AWS::CloudWatch::Dashboard

The AWS::CloudWatch::Dashboard resource in AWS CloudFormation is used to automate the creation, deployment, and management of customized telemetry dashboards in Amazon CloudWatch. It allows you to visualize infrastructure health, application performance, and operational metrics as code.

Core Purposes

  • Infrastructure as Code (IaC): Defines operational dashboards inside CloudFormation templates to spin them up automatically alongside your resources.

  • Centralized Monitoring: Combines metrics, logs, and alarms from multiple AWS resources and regions into a single, cohesive visual interface.

  • Team Standardization: Deploys identical, pre-configured monitoring layouts across different AWS accounts (e.g., Development, Staging, Production).

  • Faster Incident Response: Provides DevOps and SRE teams with immediate visual context during system outages or performance degradation.

  • Resource Lifecycles: Deletes or updates monitoring views automatically when the underlying application stack is modified or torn down.

Key Capabilities

  • Dynamic Customization: Supports various visualization widgets including line charts, stacked area graphs, single-value stats, alarm statuses, and markdown text blocks.

  • Log Insights Integration: Embeds CloudWatch Logs Insights query results directly into the visual grid to view structured log data next to performance charts.

  • Flexible Layouts: Uses a coordinate grid system ((X, Y) axes with height and width parameters) to precisely control widget positioning and sizing.

  • Variable Timelines: Allows users to change time horizons globally or set specific time frames per individual widget.

In the ML Provisioner

  • Tier: Professional, Enterprise

  • Count: 1 per stack

  • Role: Provides a pre-built monitoring view for the ML pipeline stack.
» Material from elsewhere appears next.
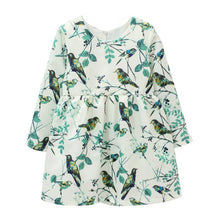 Load image into Gallery viewer, Printed Flower Casual Girls Dress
Surfaces key operational metrics — pipeline execution status, CodeBuild durations, and model approval events — in a single pane without requiring manual dashboard setup.
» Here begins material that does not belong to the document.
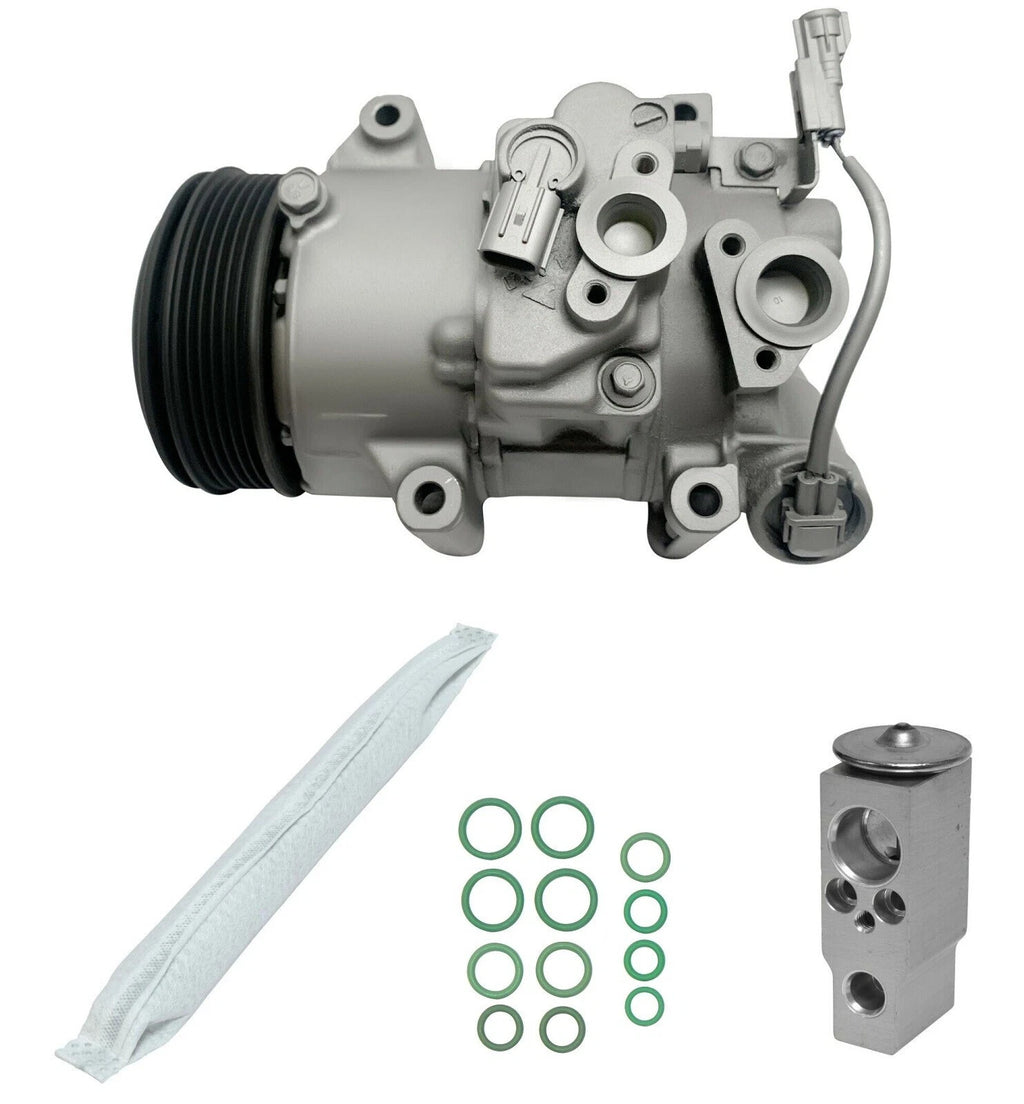 AC Compressor Kit Replacement for Subaru Outback 2.5L (2015–2015)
  • SSM output: /ml/{product-name}/DashboardName

Basic Syntax Example

MyCloudWatchDashboard:
  Type: AWS::CloudWatch::Dashboard
  Properties:
    DashboardName: Production-Overview-Dashboard
    DashboardBody: '{"widgets":[{"type":"metric","x":0,"y":0,"width":12,"height":6,"properties":{"metrics":[["AWS/EC2","CPUUtilization","InstanceId","i-0123456789abcdef0"]],"period":300,"stat":"Average","region":"us-east-1","title":"EC2 CPU Utilization"}}]}'

AWS::IAM::ManagedPolicy

The AWS::IAM::ManagedPolicy resource in AWS CloudFormation creates a standalone Identity and Access Management (IAM) policy that you can attach to multiple users, groups, or roles.

Primary Purposes

  • Centralized Permission Management: Define a security policy once and apply it to multiple IAM identities.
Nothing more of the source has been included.